560 yılında ise Pisistrates ülkede bir baskınla yönetimi el geçirdi. Pisistrates bir halk hareketi önderidir ve onun önderliği en çok köylüleri ve köleleri sevindirmiştir. Pisitrates 527 yılında ölünce yerine geçen 3 oğlundan 2'si soyluların komploları ve Atina uygarlığının bu köylüsever "tiran"ına düşman Sparta Uygarlığı saf dışı bırakıldılar. (Biri öldürüldü diğeri ülkeden kovuldu) Sağ kalan Thessalos zamanında ülke 4 bir yandan kuşatılmış müttefik ülke kralları öldürülmüştü. Nihayet bir gün Spartalılar gelip Atina sokaklarında terör estirmeye başladı. Ancak çok güçlü ve öfkeli bir halk hareketi başladı ve Spartalılar Atina'yı terk etmek zorunda kaldılar.

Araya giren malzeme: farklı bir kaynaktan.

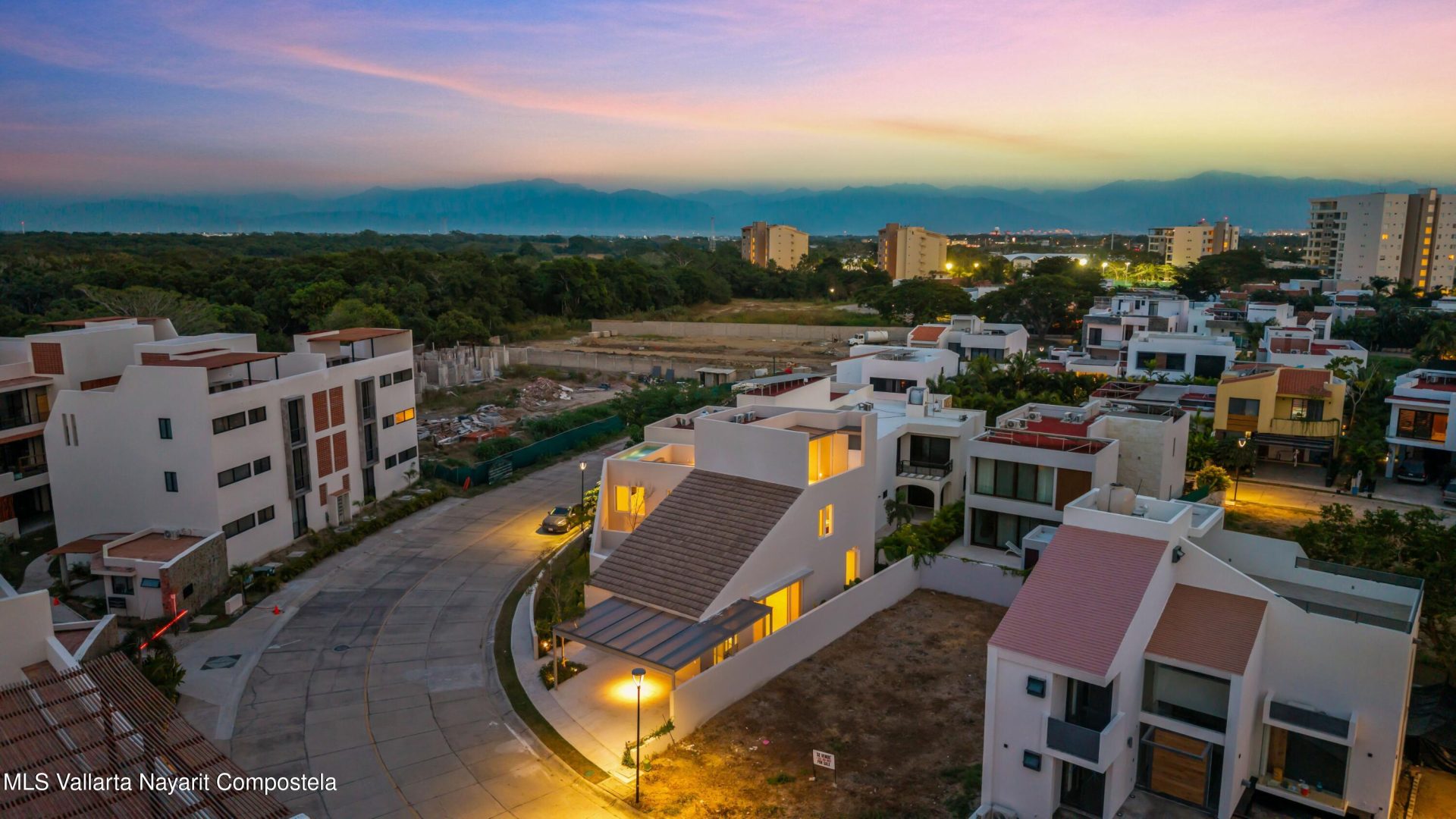 20251125200150332875000000-o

506 yılında başa geçen Kleistenes ülkede geniş çaplı demokratik değişimler yaptı. Önce Attika'yı özerk mahallelere ayırdı. Bu birimlere "deme" adı veriliyordu. Burada yerel işlere bakan görevliler oluşturuldu. Bu görevlilere "demos" adı veriliyordu. Anayasa'yı da değiştirerek Atina'nın en yüksek kurulu olan 400'ler meclisi üye sayısını 500'e çıkardı. Son olarak tamamen halk egemenliğini sağladığı bu düzeni yıkmaya yönelik girişimleri önlemek amacıyla ostraizm sistemini getirdi. Buna göre rejime tehdit olarak görülen kişiler 10 yıllığına sürgüne gönderiliyordu. Bu sistem Halk Meclisinde her yurttaşın bir midye kabuğuna o site içinde tehlikeli gördüğü kişinin adını yazması ile çalışıyordu.
Yine de Kleistenes reformları köleler için ek bir hak getirememiş, daha çok ekonomik ve siyasal alanda reformlar olarak kalmıştır. Kleistenes 100 yıl süren bunalımlı Atina uygarlığı dönemine son vermiş ve adeta ülkeyi yeniden canlandırmıştır. Köylüler bu dönemde üretici özelliklerini kazanmışlar ve köle sınıfı ile bütünleşmişlerdir. Soylular ise neredeyse tüm hakları ellerinden alınmış basit vatandaşlara dönüştürülmüşlerdir.